Da geht es darum, Bild- und Tondokumente zu bestimmten Örtlichkeiten aus den letzten 150 Jahren zu sammeln. Und dann natürlich aufbereitet anzuzeigen. Das geht so weit, dass jemand 2022 noch ein Tondokument erstellt hat, wie man in einer Telefonzelle in Österreich damals einen Anruf getätigt hat. Mit 50 Cent kam man damals nur ein paar Sekunden weit. Mittlerweile sind auch die Telefonzellen in Österreich verschwunden.
Die Topothek ist in Österreich erfunden worden und verbreitet sich langsam über Europa. Es gibt bereits eine englische, eine ungarische und eine finnische Version der Website. „Toptheken“ gibt es von Spanien über den Irak bis in die Ukraine, wo es eine Ansiedlung von Estnischen Schweden gab, die 1780 den Ort „Gammalsvenskby“ gegründet hatten und im zweiten Weltkrieg freiwillig auf Seiten der Waffen-SS in den Krieg zogen. In der Topothek gibt es eine Bildergalerie der Bevölkerung bis 1980.

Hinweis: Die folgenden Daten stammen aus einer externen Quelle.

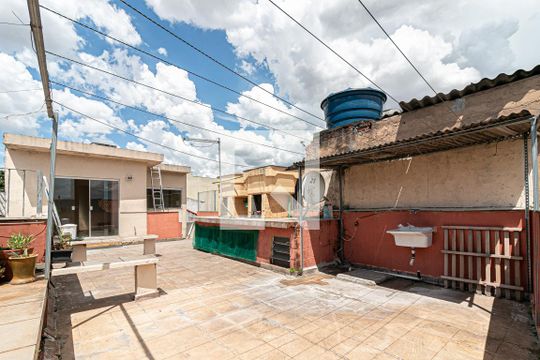 Área externa de casa para alugar com 1 quarto, 50m² em Vila Ré, São Paulo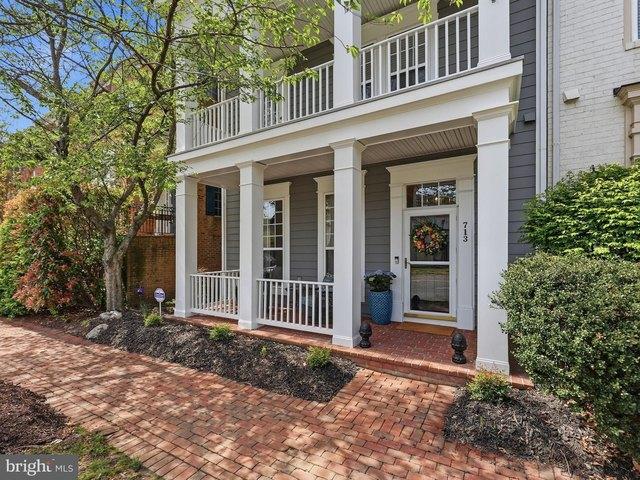 Townhouse for sale in Virginia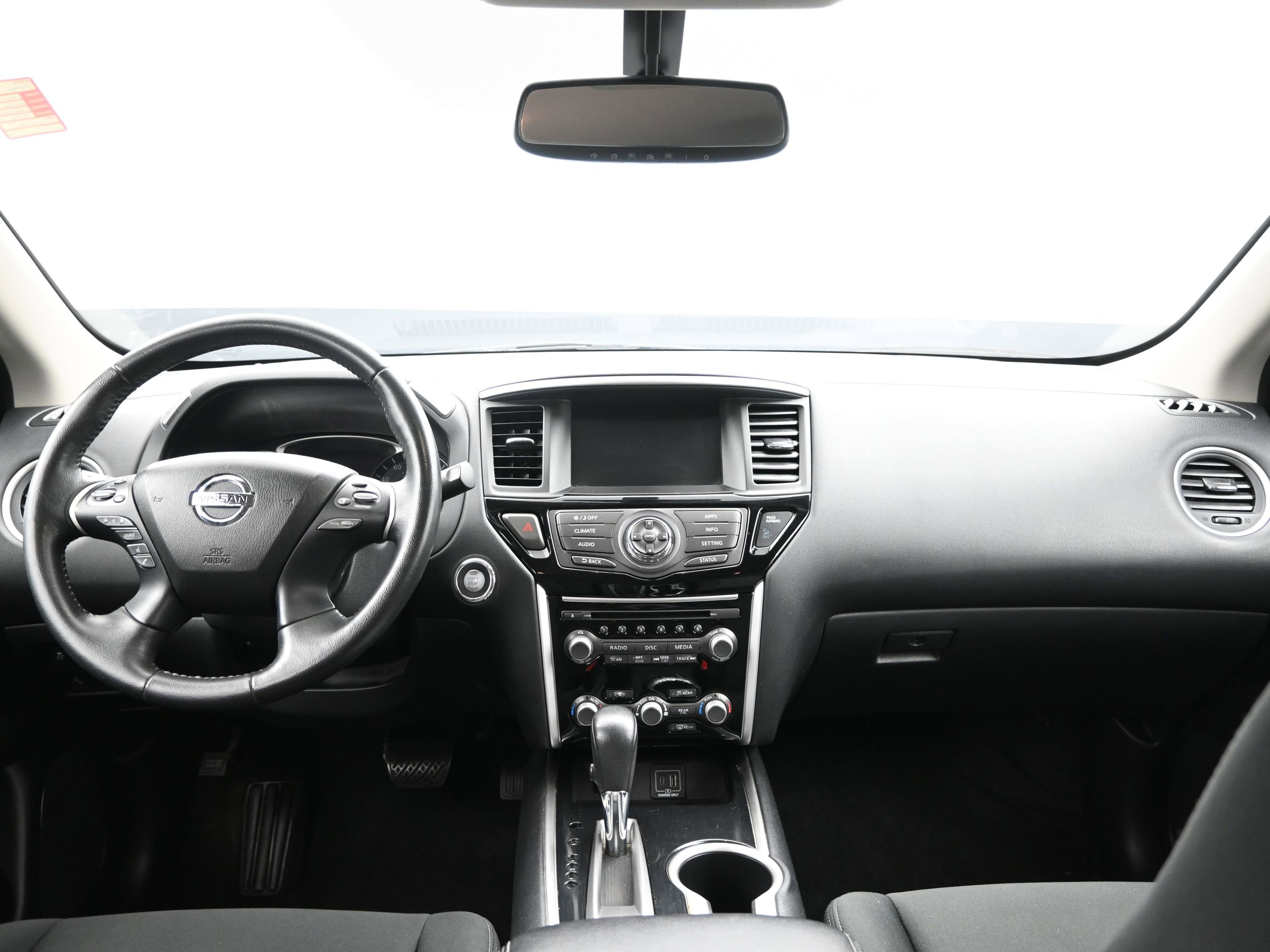 Used 2020 Nissan Pathfinder SV image 21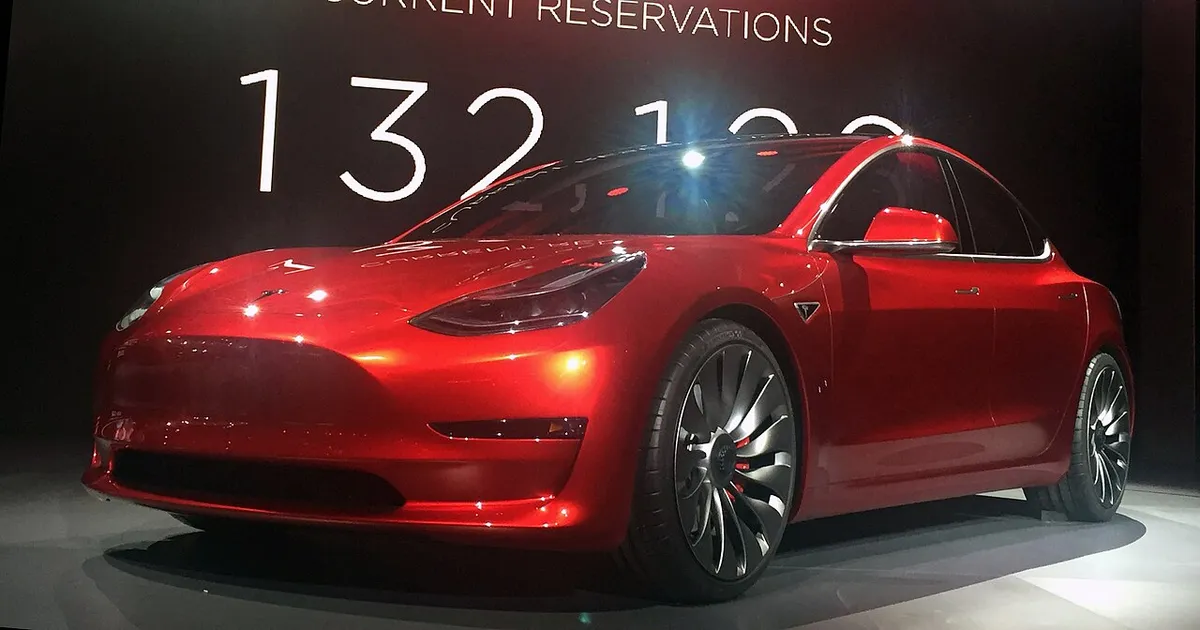 Tesla Model 3 rojo en la presentación del 31 de marzo de 2016 en Hawthorne, California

Überhaupt sind Personenabbildungen stark überrepräsentiert. Gerade von ländlichen Gemeinden sind Bilder der Lokalpolitiker oft wichtiger als Bilder der Landschaft bevor das Industriegebiet gebaut wurde. Der Grund ist simpel: Die einzelnen Topotheken müssen von den Gemeinden beantragt und bezahlt werden. Das kostet zwar nicht die Welt – so ab 600 Euro für eine Gemeinde unter 1000 Einwohnern ist man dabei, bis 50.000 Einwohnern kostet es 1600 Euro. Aber auch solche Kosten müssen natürlich durch den Gemeinderat – und der ist natürlich eher an der Darstellung der erfolgreichen, eigenen Politik interessiert. Entsprechend gibt es – spare, spare – in Baden Württemberg genau eine Topothek -für Isny – und in Bayern gerade mal zehn – alles kleine Gemeinden.
Die Topotheken sind natürlich – da eben einerseits von den Gemeinden bezahlt und andererseits von Freiwilligen befüllt – eher nicht so die Quelle für kritische Geschichtsaufarbeitung. Da wird der Nazi-Bürgermeister auch mal für die Eröffnung des Freibades gefeiert. War ja nicht alles schlecht.

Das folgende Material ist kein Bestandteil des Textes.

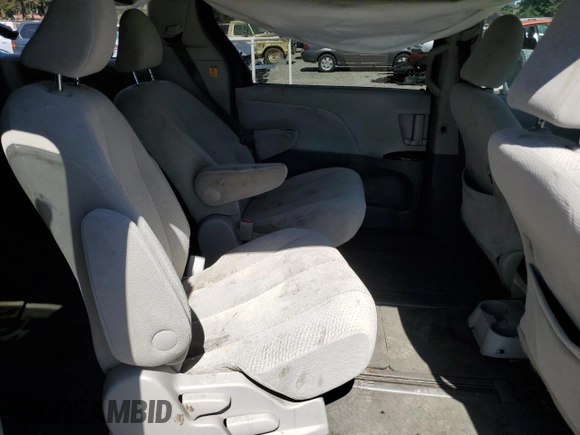2011 Toyota Sienna LE with VIN 5TDJK3DC4BS005853, listed as a Copart auction lot 53582855 with 198,198 mi miles and Salvage Title. Bid and sale history available at carsss.com. Image 12.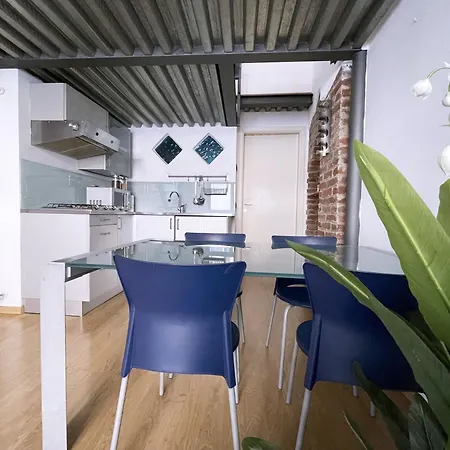 Urban Loft - Navigli * Milán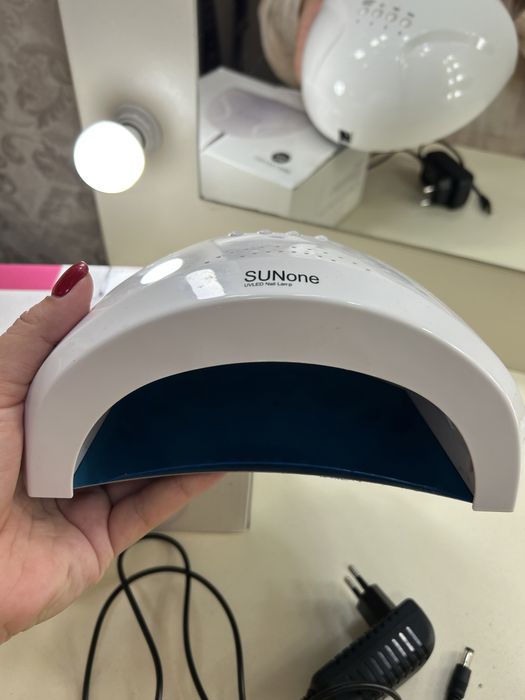Лампа для манікюру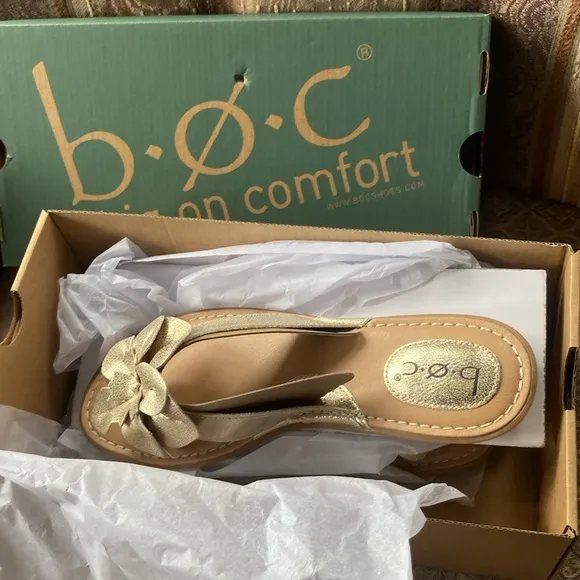 NEW BOC Alaria Comfort Sandals With Floral Applique Gold Metallic 267mn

Wer also denkt, er habe hier so eine Art bebilderte Wikipedia – oder gar ein valides Geschichtswerk – weit gefehlt. Es sind mehr oder weniger korrekt verschlagwortete Bilder in mehr oder weniger guter Qualität. Aber das allein ist schon was wert. Und ab und zu findet man auch Schätze, wie beispielsweise Bilder vom „Skijöring“ in den 70ern in St. Radegund. (Das man kurz danach mangels Schnee wieder eingestellt und stattdessen ein Stock-Car-Rennen veranstaltet hat.)
Fotografen dürfen natürlich jederzeit zur Topothek beitragen. Bilder hochladen und verschlagworten.

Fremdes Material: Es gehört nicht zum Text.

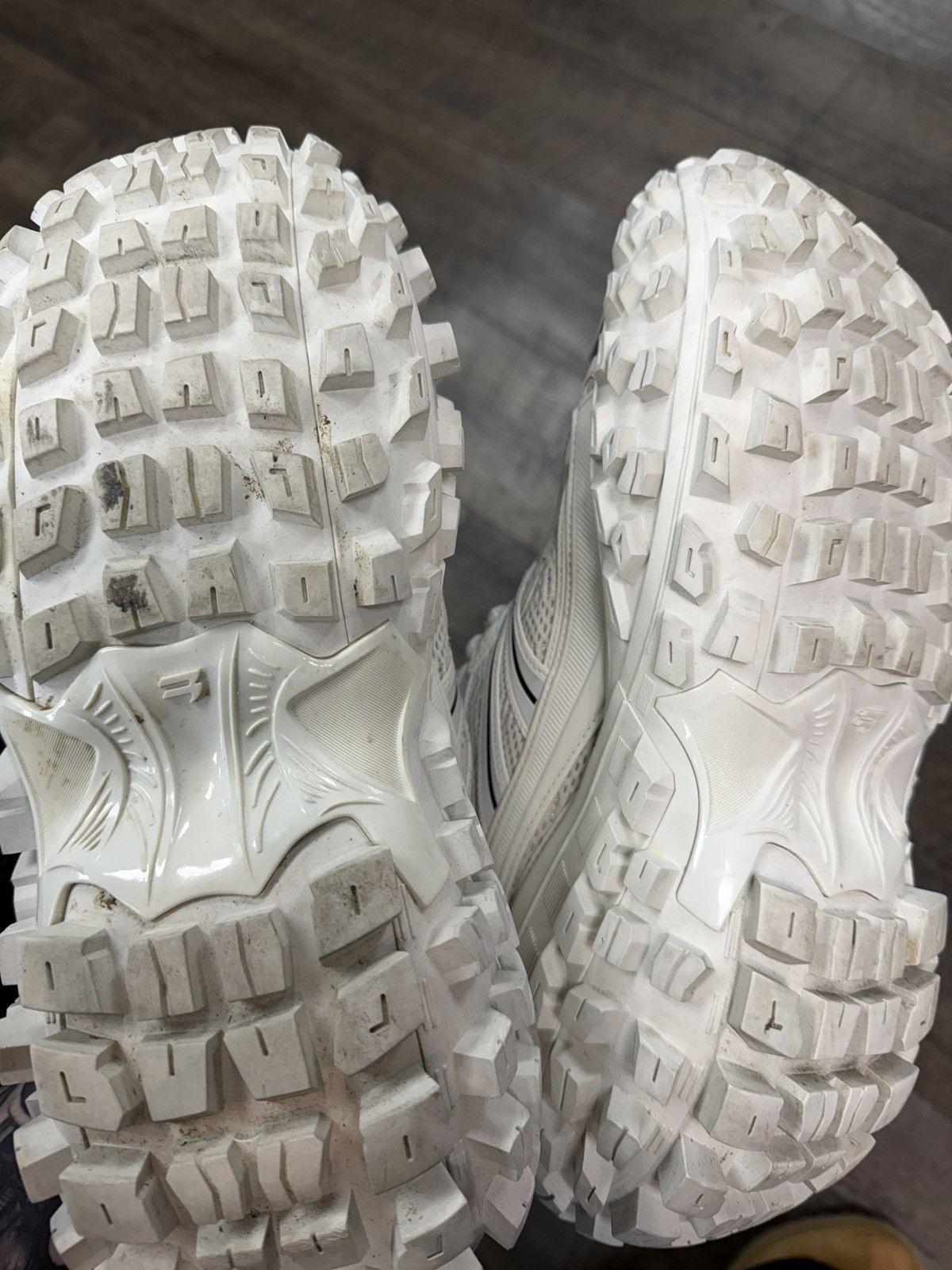 Balenciaga Defender White / Black Size US 13 / EU 46 - 7 Thumbnail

Die Fotos? Oben die Schwebebahn in Dresden 1956, Unten: Auswanderer auf einem Schiff nach Argentinien 1923.
Danke Reinhard,
das ist wirklich ein interessantes Projekt. Bemerkenswert auch, dass es anscheinend nicht ausschließlich um Gemeinden geht. Auch Vereine oder Unternehmen können angelegt werden. Also vielleicht eine ehemalige Werft oder ein Bergwerk, wenn es vor Ort noch jemanden gibt, der deren Geschichte aufbereitet hat und dann durch Dritt Dokumente zutage treten, die bisher für Museen oder Vereine gar nicht erreichbar waren. Klingt spannend, tolle Sache! Nicht selten scheuen sich ja die Hinterbliebenen die wenigen Fotos von Oma und Opa am Arbeitsplatz den entsprechenden Interessengruppen zukommen zu lassen, weil sie diese für historisch unbedeutend halten. Oft sind es ja auch nur Bildteile, Maschine im Hintergrund einer Personengruppe von der es vermeintlich keine Bildbelege mehr gab.
Beste Grüße
Frank
Frage: Sind das Monats- oder Jahresgebühren?
Das sind Jahresgebühren. Dazu kommen noch etwa 400 Euro für die Einrichtung einmalig.